It sounds like a parody of an alarmist cable news report:
Are your children snorting caffeinated chocolate powder for fun? Find out at 6.
Well, this isn’t cable news. And you don’t have to wait until 6. Children are snorting caffeinated chocolate powder for fun.
The product, Coco Loko, is made from cacao powder and caffeine. The retailer, Legal Lean Co. (which sounds totally reputable), doesn’t detail any other ingredients online, but includes common energy drink ingredients, according to CBS News.
As a result of its possible health hazards, U.S. Sen. Chuck Schumer is asking federal regulators to look into the product.

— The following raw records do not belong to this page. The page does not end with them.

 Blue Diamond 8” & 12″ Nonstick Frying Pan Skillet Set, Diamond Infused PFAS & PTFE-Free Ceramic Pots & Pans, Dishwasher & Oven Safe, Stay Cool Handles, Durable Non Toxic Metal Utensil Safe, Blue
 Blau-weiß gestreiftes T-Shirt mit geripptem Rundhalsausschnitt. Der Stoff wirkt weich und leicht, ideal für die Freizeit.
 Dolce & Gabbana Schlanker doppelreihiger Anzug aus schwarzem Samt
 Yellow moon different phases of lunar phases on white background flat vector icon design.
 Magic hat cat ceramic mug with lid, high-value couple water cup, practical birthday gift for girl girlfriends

“This suspect product has no clear health value,” Schumer said in a statement. “I can’t think of a single parent who thinks it is a good idea for their children to be snorting over-the-counter stimulants up their noses.”
After a quick search for the product, we found that its Amazon product description simply reads:
Delicious cacao flavor! Raw cacao snuff, organic chocolate, endorphin rush, serotonin rush, euphoric energy, no tobacco, no nicotine.

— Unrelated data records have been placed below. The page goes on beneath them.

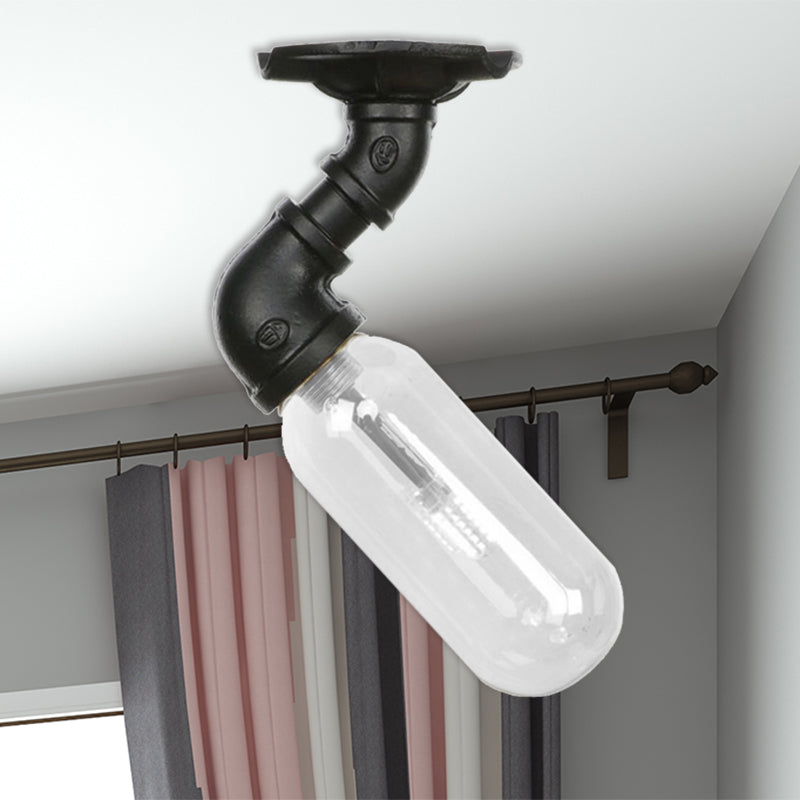 1 Light Ceiling Mounted Fixture Oval Shade Clear Glass Industrial Indoor Semi Flush Mount in Black with Pipe Design Clearhalo 'Ceiling Lights' 'Close To Ceiling Lights' 'Close to ceiling' 'Semi-flushmount' Lighting' 207196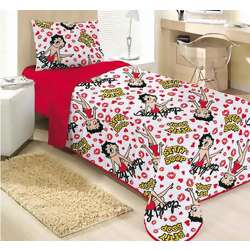Edredom Malha Jovitex Betty Boop Solteiro
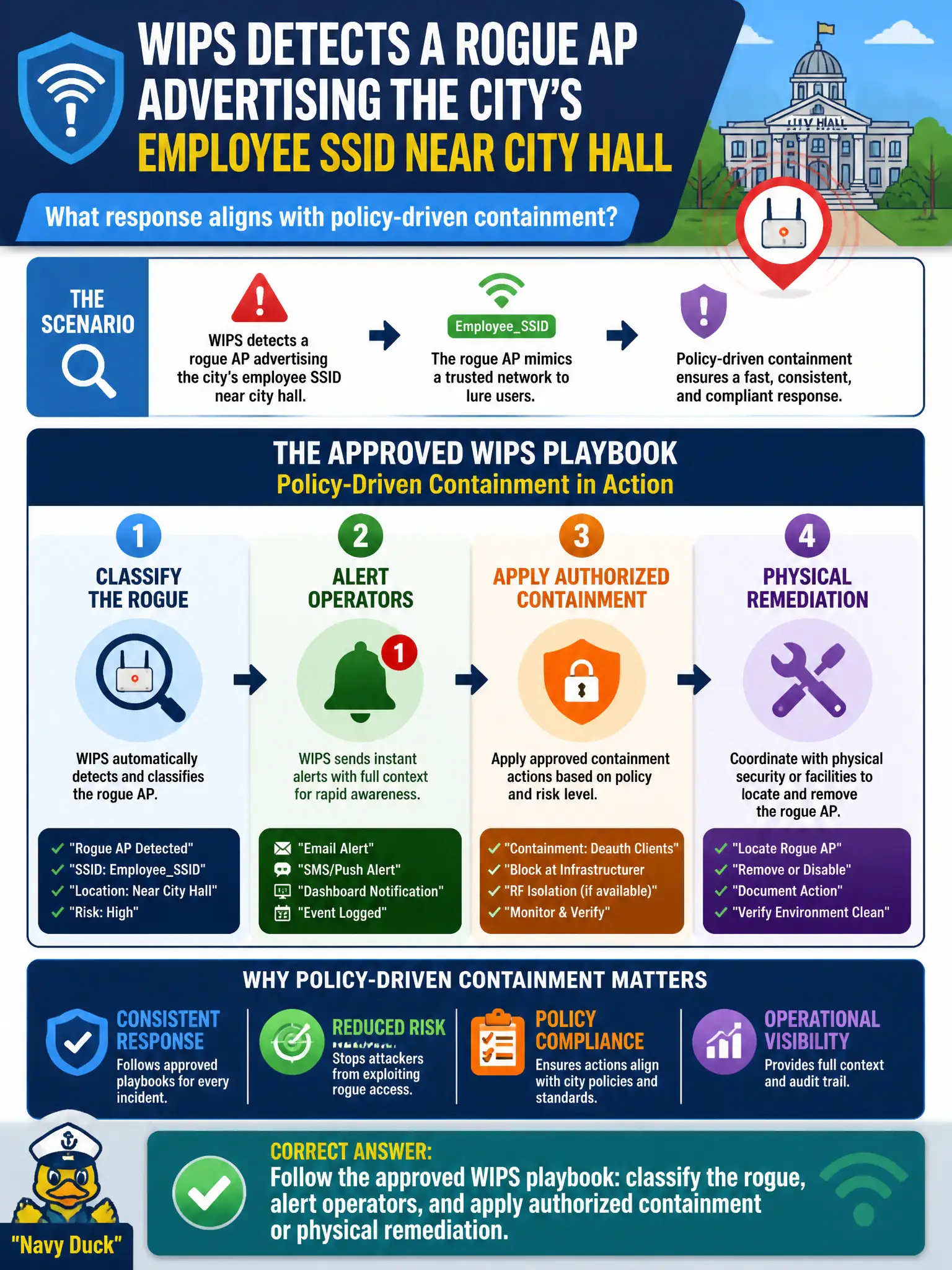 To Create an exciting colorful infographic that explains the concepts in the question: Question: WIPS detects a rogue AP advertising the city’s employee SSID near city hall. What response aligns with policy-driven containment? Correct Answer: Follow the approved WIPS playbook: classify the rogue, alert operators, and apply authorized containment or physical remediation. Put EVERY visible label in double quotes. No people. No A/B/C/D letters. In one of the four corners put a little "Navy Duck".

The fact that the company selling it is called Legal Lean Co. presents a number of red flags, as well. For the uninitiated, “lean” is a slang term for a drink that consists mostly of codeine, along with some Sprite and maybe a Jolly Rancher candy for flavor.
The site’s description reads:
Raw cacao will give you a sense of calm focus and reduce the chatter and worry in your brain, so you are able to accomplish many tasks at once and maximize your time and focus. It is also known to help with anxiety and to reduce stress.

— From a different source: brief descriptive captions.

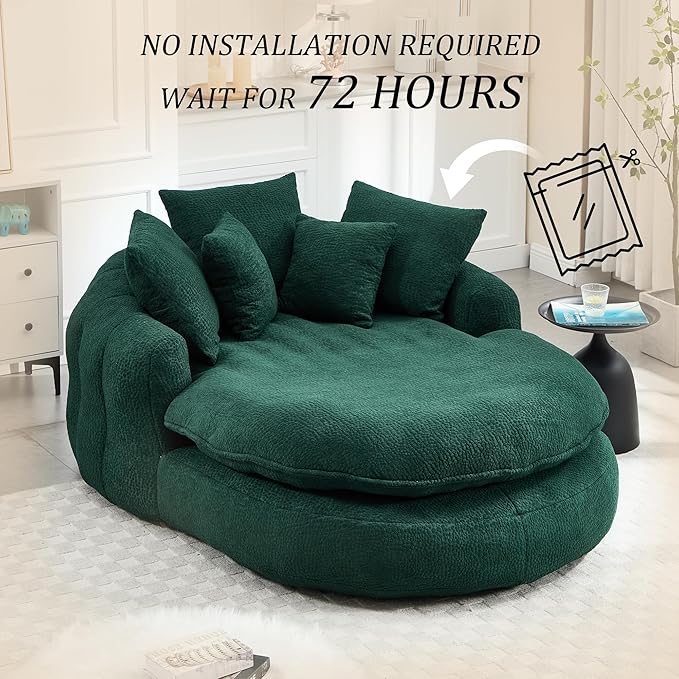 KEIKI 71" Chenille Round Boneless Sofa Couch, Oversized Chaise Lounge Chair Couches Indoor, No Assembly Required Floor Lazy Bean Bag, Modern Sleeper Sofa Bed for Living Guest Room & Bedroom, Green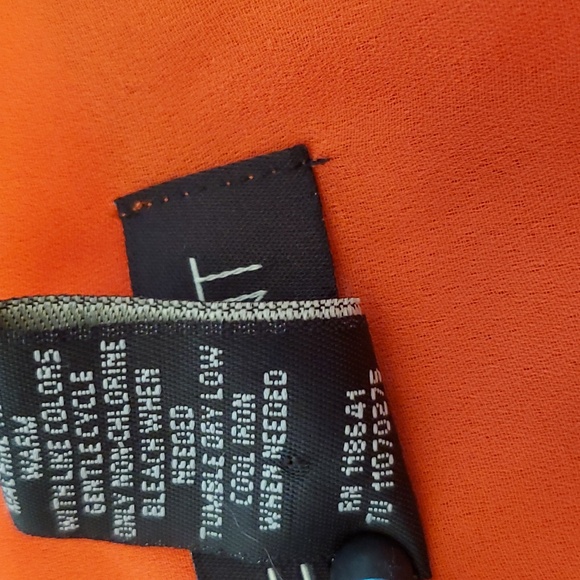 Lane Bryant Plus Size Cadium Orange Empire Waist Satin Trim Detail Top - Picture 9 of 9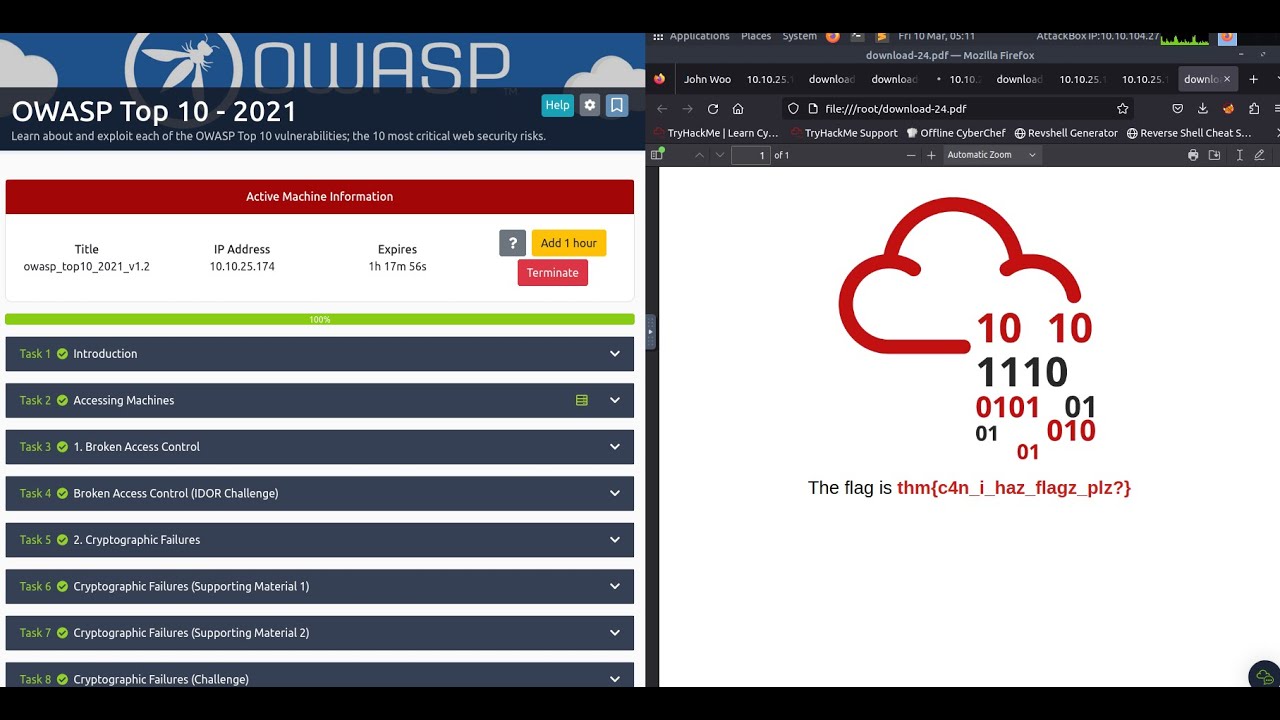Owasp top 10 2021 tryhackme task 22 admin area flag sal1 youtube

Doctors aren’t entirely sure what the health problems associated with the product might be, but they are fairly confident that they exist, nonetheless.
“The question is, what are the risks of doing it?” Dr. Andrew Lane, director of the Johns Hopkins Sinus Center, told The Washington Post. “There’s no data, and as far as I can tell, no one’s studied what happens if you inhale chocolate into your nose. When I mention it to people, nobody’s ever heard of it.”
The threat of harm depends on the amount of each ingredient is absorbed into the nasal mucus membranes, along with the possibility of the chocolate mixing with mucus to block the nasal cavity and sinuses.
After products like 4Loko, the alcoholic soda-like beverage that also contained caffeine, were forced to change their recipes due to the harm associated with caffeine mixed with alcohol, it would be shocking to see a product like Coco Loko receive a thumbs-up from the FDA.
For promotional products distributors who sell food products as well as energy drinks or wellness products, it’s always best to know every possible threat associated with an ingestible product, and to always make sure the products are FDA approved before pitching them to clients.